2. Relative Verification Cost
Some arguments about generative models focus on verification: “formal verification will become more important as more code is generated”.
I think these arguments are also unscientific. Verification is also not magic. Software designed in one way may be easier to verify than in another way. A user who carefully designed and implemented the software may be able to more easily verify it than when dropped into a fully generated code base.
All of this depends on the task, the user, and what the model is capable of generating. For my prompt to install a package, verification is trivial. I will recognize the right command when I see it, and it’s one line long.
Relative verification cost also goes up with the size of the task. If you’re generating a 1 line script, no problem. If you’re trying to generate a very large artifact, you’re going to get bored validating every command, every edit. You’re not going to be able to check every line of code that was generated. You’re going to need some other approach to verifying the output, increasing cost.
Relative verification cost also depends on the user. If I’m prompting a model to produce Racket, a language I am very fluent in, I can quickly evaluate the design and implementation of the generated code. If I tried to prompt a model to produce C, I’d be far better off just writing the C myself, following a systematic approach that would result in safe C. And then running it in a sandbox. After running some sanitizers on it.
Relative verification cost somewhat depends on the capabilities of the model, too. Some of the early models I experimented with produced trash code. Not merely bad code with bad design, but errors so basic I wouldn’t think to look for them: it would produce Racket with mismatched parenthesis, references to functions that didn’t exist, etc. Those are easy enough to detect by running the compiler, but what about the ones that aren’t so easy to detect?
One key part of this relative verification cost is that generative models produce plausible output. It’s not accurate to say a model produces “correct” or “incorrect” output, or “makes mistakes”. It does exactly what it’s designed to do: produce output that is statistically related to the input prompt, in some way. That doesn’t mean “statistically correct”, just “statistically related”. All output is correct, in the sense that all it’s suppose to be is a point in the distribution of things related to the prompt. Maybe you produce C code with memory errors most of the time, but most C code has memory errors. Maybe you mostly produce correct bash scripts for installing packages, because most bash scripts for installing packages on the internet are correct.
Plausibility of generative models greatly increases the relative verification cost, since the output is essentially optimized to be close to correct. I’d predict that relative verification cost could go up as the models get more complex. The class of errors we’re likely to find in generated code will be very different than the class of errors we’re used to looking for in human generated code: generated code will have subtle errors. As the models get more capable, you might be more likely to trust the output, and less likely to spot these subtle errors. This cost can be reduced by formal methods, but formal methods aren’t necessarily cheap. You might be better off with an engineer following a design process.

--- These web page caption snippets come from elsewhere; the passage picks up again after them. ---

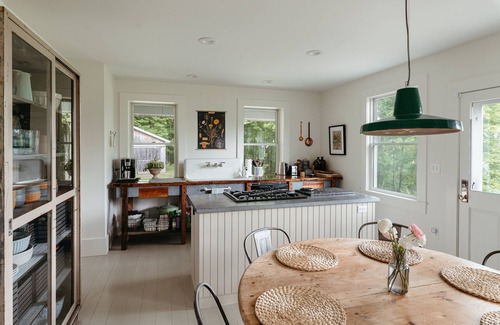 Roscoe Other | Modern Farmhouse With Expansive Catskills Views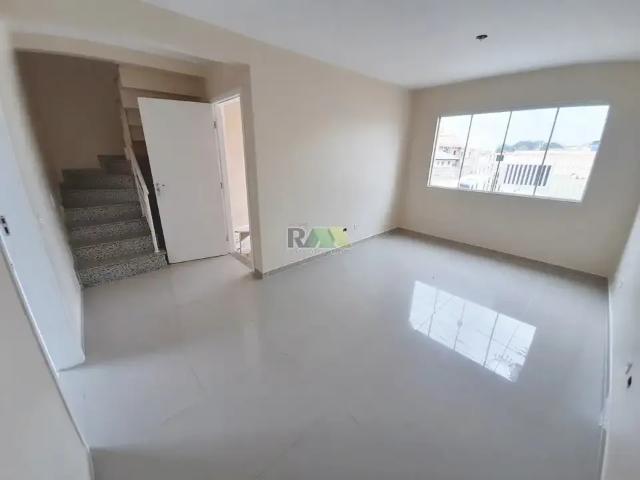 Casa / Sobrado para Locação em Fazenda Rio Grande/PR Iguaçu 3 Quartos
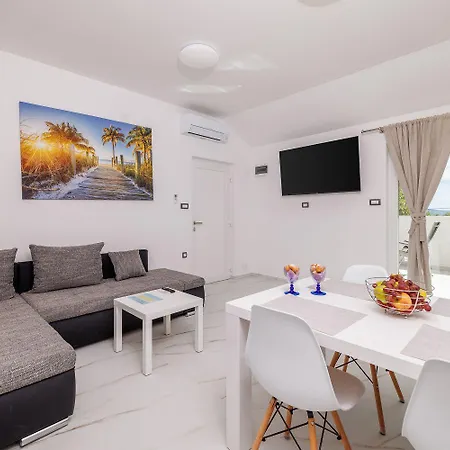 Mit Pool, Balkon Unweit Von Heilschlamm Bucht *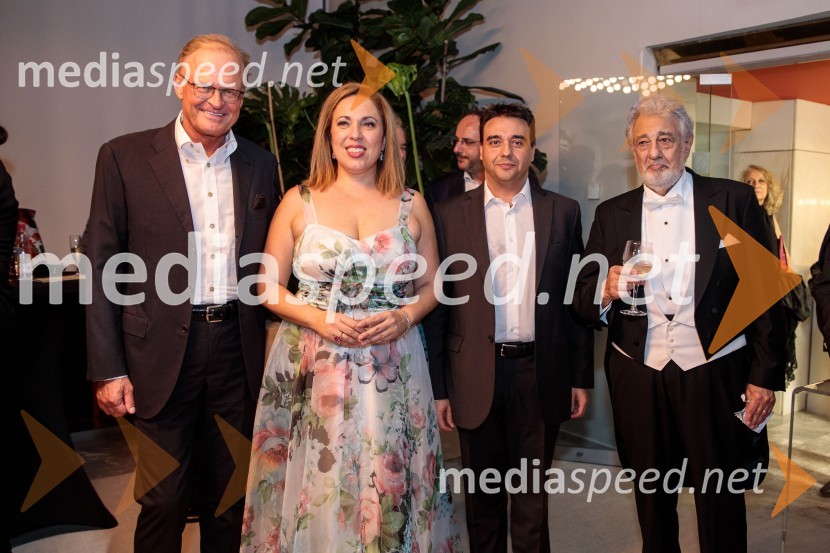  Janez  Škrabec, direktor Riko d.o.o.;  María José Siri, sopran;  Jordi Bernácer, dirigent;  Plácido Domingo, tenoristNoche española, koncert Plácida Dominga, Festival Ljubljana 2022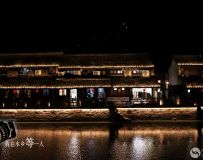 江南水乡小镇的夜景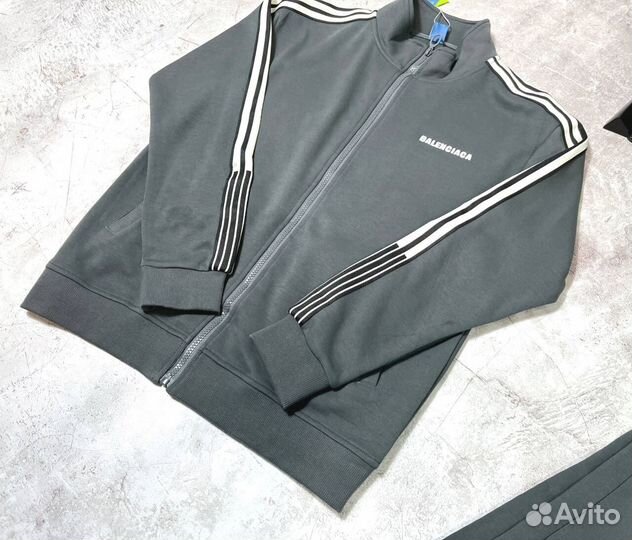 Спортивные костюмы Balenciaga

For some tasks, verifying the output may be impossible, or at least impossible without redoing exactly the work you were trying to use a generative model for. I think internet search is a good example of this. A generative model generated response to an internet search query that you did not know the answer too is essentially unverifable, unless you go and search for credible sources to verify the summary. At which point, the generative model did entirely wasted work.
3. Artifact vs. Process
Some tasks aren’t about the output. Or maybe they aren’t just about the output, and require the output be created following a specific process.
Easy examples of this are in education. I don’t need students to implement factorial for the one billionth time because I need an implementation of factorial. They implement factorial because going through the process creates knowledge in their head. Writing code is a fundamentally different process than reading code, in the same way that writing this blog post is a fundamentally different process than reading it.
This blog post is an example of a process-driven task. I’m writing this post. My hands are typing the words that appear in this post. They are not merely typing prompts that cause a generative model to generate plausibly-related words. That’s because I’m not trying to create a blog post. I’m trying to create knowledge, within myself and then within others. Writing this post is me thinking through all the details.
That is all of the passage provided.